26 novembre 2011,                    HOW SOON IS NOW                THE SMITHS

Harrington, Creepers, Tower records, Piccadilly Circus. Les Smiths c’était tout ça à la fois. L’Angleterre qu’on adorait détester ou qu’on adorait tout court… Parce que le tunnel sous la Manche n’existait pas encore. Parce qu’à l’époque, je parle de la fin des années 80, l’Angleterre était un pays lointain, qu’on ne visitait qu’au péril de sa vie, par-delà les mers et les ferries hostiles parfumés à la bière et au graillon.

Il a fallu attendre 1994 pour que je pose un pied sur l’île. J’y ai passé une année ou presque, dans le sud entre Portsmouth et Southampton. Le village dans lequel je travaillais, Stubbington, était assez loin de l’univers des Smiths. Pas très urbain, pas très chic, un peu beauf. On y conduisait des Vauxhall Cavallier, l’équivalent de nos Opel Vectra, on y bouffait des pizzas surgelées dans un lotissement quelconque d’un village moyen d’Hampshire.

De temps en temps, je prenais ma voiture, la fidèle 104 blanche, et je filais à Londres, à Camden Market, surtout pour y découvrir mille petits magasins indépendants qui vendaient des Tee-shirts de mes groupes préférés, des « lives » rares enregistrés avec des grille-pains dans des garages de banlieue. Je rentrais parfois avec une paire de Doc Martens neuve.
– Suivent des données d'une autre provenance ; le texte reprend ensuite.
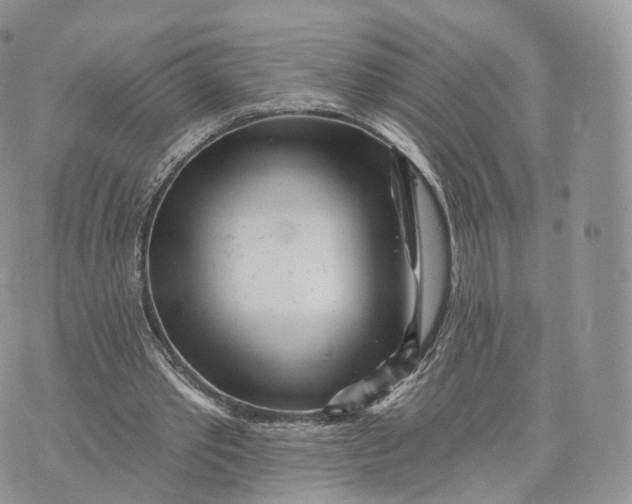 X0000072940389200608111606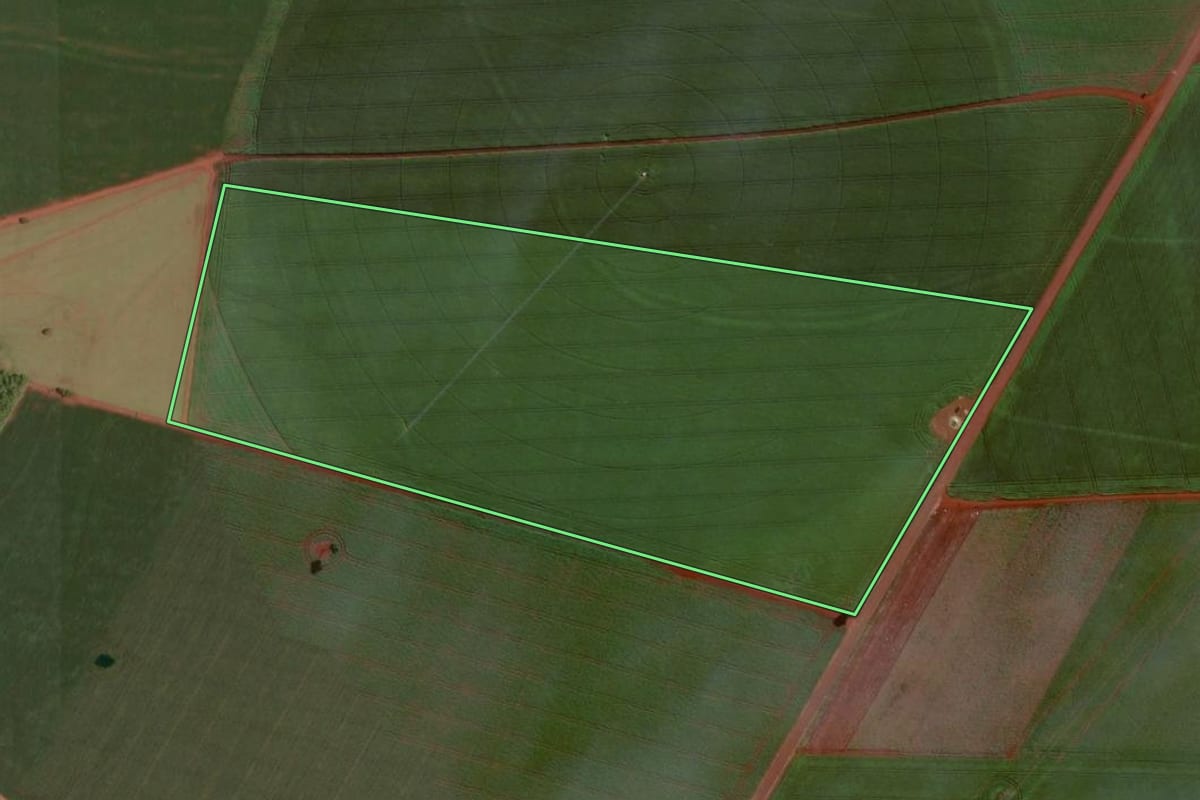 Imagem de satélite do imóvel rural em Cândido Mota (SP), com o contorno declarado no CAR desenhado por cima.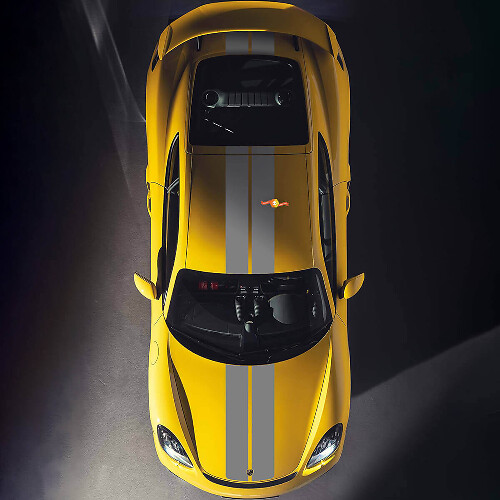 Doppelte Motorhauben-Dachstreifen-Aufkleber für Porsche Cayman 718
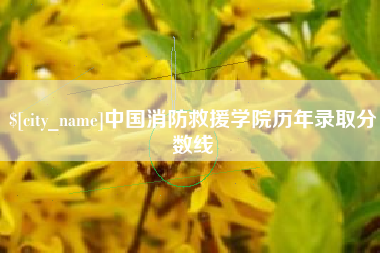 松滋中国消防救援学院历年录取分数线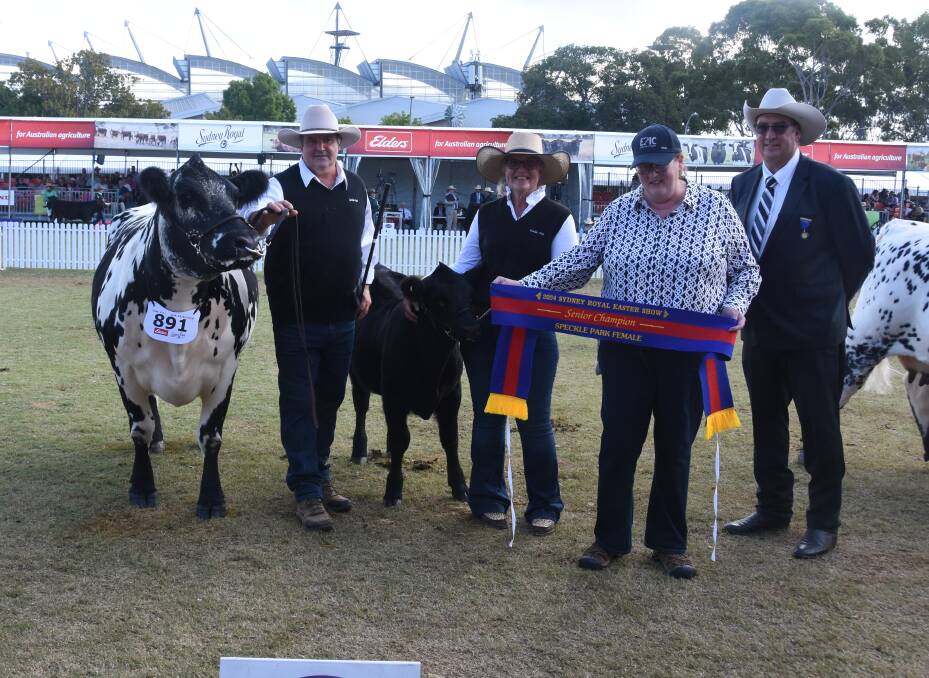 Grand champion female, Blue Spark H6 Exquistie P05, exhibited by Kellanne Cattle Co, Heathecote Juction, Vic, with Paul Hourn and Kelly Krieg, Kellanne Cattle Co, Sue Carrison, Epic Speckle Park stud, Penola, SA and judge Roger Evans, Nagol Park Shorthorns, Tamworth. Photo by Helen De Costa.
Je n’ai jamais su expliquer l’attrait des briques rouges londoniennes sous la pluie. Il y a un charme très British chez les Smiths. Morrissey chante pointu, il a ce côté Gentlemen plutôt dandy à la Oscar Wilde, un peu Oxford Cambridge, l’Angleterre du cricket et du rugby plutôt que celui des stades de foot…

How soon is now c’est la première claque. J’étais en terminale, une année où mon temps de cerveau disponible (ce n’est pas de moi) n’était pas seulement utilisé à la préparation du bac…Pourtant, j’étais sûr que l’écoute des Smiths m’aiderait à réviser mon anglais, d’ailleurs je fournissais volontiers les efforts nécessaires pour comprendre les paroles. Mais quand je croyais entendre : « I am the sun, I’m the air », Il fallait en fait que je comprenne : « I am the son, I’m the heir »… Putain d’anglais que j’adore détester.

Les « Smiths », c’est aussi le souvenir de mes neveux et nièce en vacances à la ferme, écoutant fascinés  Meat is murder, chanson dans laquelle Morrissey se prenait pour Brigitte Bardot en mission dans un abattoir… entre les bruits de scie, les cris de cochons et les beuglements des vaches dans le couloir de la mort, Morrissey, plus lyrique que jamais, nous expliquait pourquoi il fallait préférer le tofu au pâté Hénaff…Pour moi qui suis né dans un pot de rillettes, c’était mission impossible.

6 comments

  1. Ah meat is murder j’adore ! Ma préférée I » I know it’s over »…..avec une super reprise de buckley aussi……
    Et aussi some girls are Niger than others …..

  2. j’adore l’album « The Queen is Dead »! découvert en 1996 parce que c’était l’album de la décennie 86-96 pour les Inrocks (quand c’était encore un magazine cool)
    héhé, je viens de capter que le générique de Charmed était en fait une reprise de cette chanson (et moi aussi je chantais « Im the sun, Im the air!!)